Optimed Strlen

We often use the strlen(str) function to get the length of the string. This is broad-use, and simply implemented. In C, we cannot consider a string as an object. We need to find the '\0'(NULL) character to determine the end of the string.

C11 6.4.5
6. a byte or code of value zero is appended to each multibyte
character sequence that results from a string literal or literals.
C11 7.1.1
A string is a contiguous sequence of characters terminated by and including the first null
character. The term multibyte string is sometimes used instead to emphasize special
processing given to multibyte characters contained in the string or to avoid confusion
with a wide string. A pointer to a string is a pointer to its initial (lowest addressed)
character. The length of a string is the number of bytes preceding the null character and
the value of a string is the sequence of the values of the contained characters, in order.
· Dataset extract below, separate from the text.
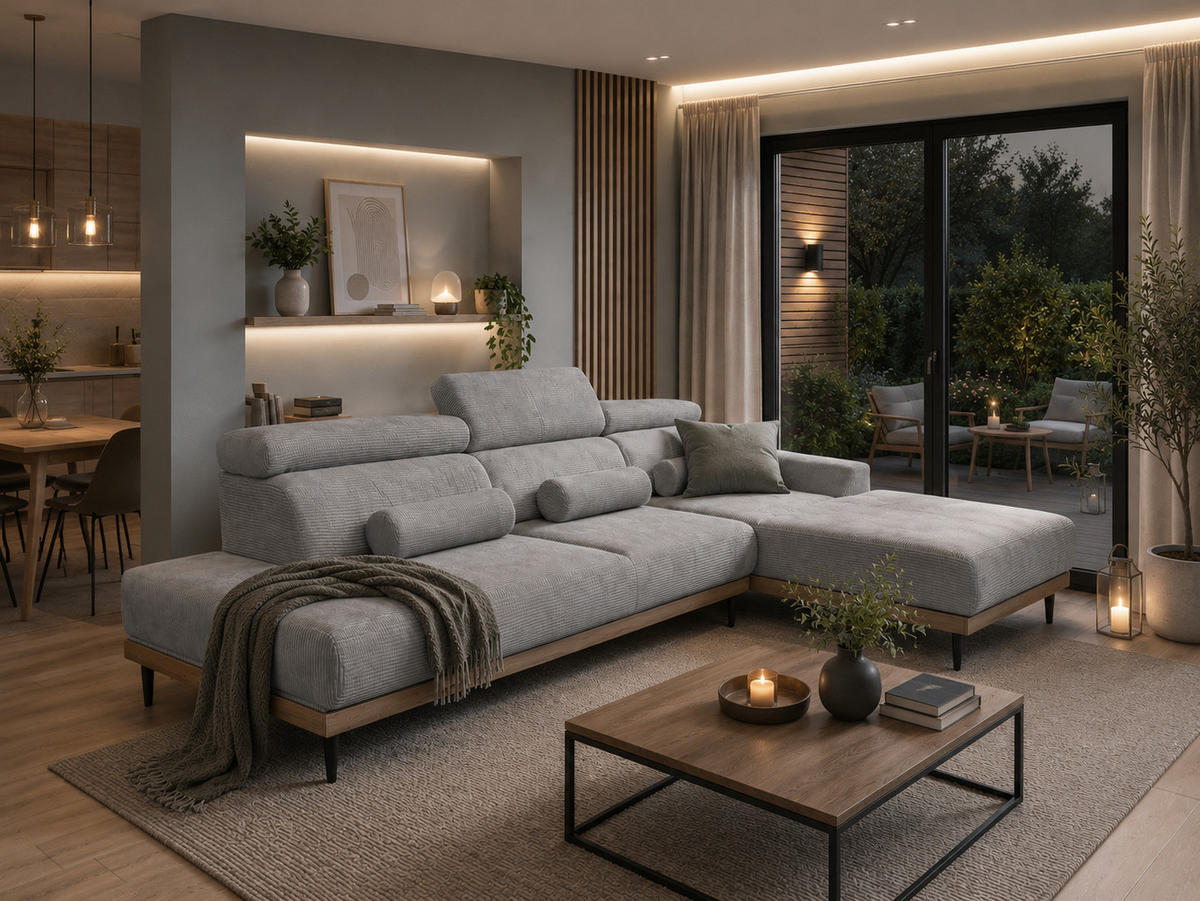 ECKSOFA MONTERO rechts, hellgrau, elektr. Sitztiefe & Kopfstützen - Hellgrau/Schwarz, Textil/Metall (316/205cm) - KS Home Concept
Briefly, strlen() is the finding first 0 function.

1.Easy-Implementation strlen

First, we can implement the following in accordance with the behavior defined by the language:













size_t strlen (const char *str)  
{ 
	const char *p; 
	 
	if (str == NULL) 
		return 0; 
	 
	p = str; 
	while (*p != '\0')  
		p++; 
	 
	return p - str; 
}

It is a very easy implement - compare every character to find NULL character. But we can find out something - the function always comparing one character at one time. This can obviously be optimized!
Depending on the computer architecture, we can operate on data of a long size. Taking a computer with 64-bit architecture for example, 8 characters can be compared at a time, and the performance can be increased up to 8 times for longer strings.

2. Design

glib - strlen()

If the string length is less than one long size (or smaller, correctly to say, to the address that matches the bytes address), the design does not improve its performance. We have to think about how to handle very short strings. In addition, we also need to find the aligned pointer.
If a long string is given, we will need to find the first '\0' in the later data. The later data should be spilted into many one-long-size block (sub-string), which can be used directly by memory.
After finding NULL charater, we can calculate the length by comparing with start pointer.

3. glib strlen

What is GLib?

GNOME - GNU Network Object Model Environment

Glib is one of the bsp library for GNOME, but GNU plan fail.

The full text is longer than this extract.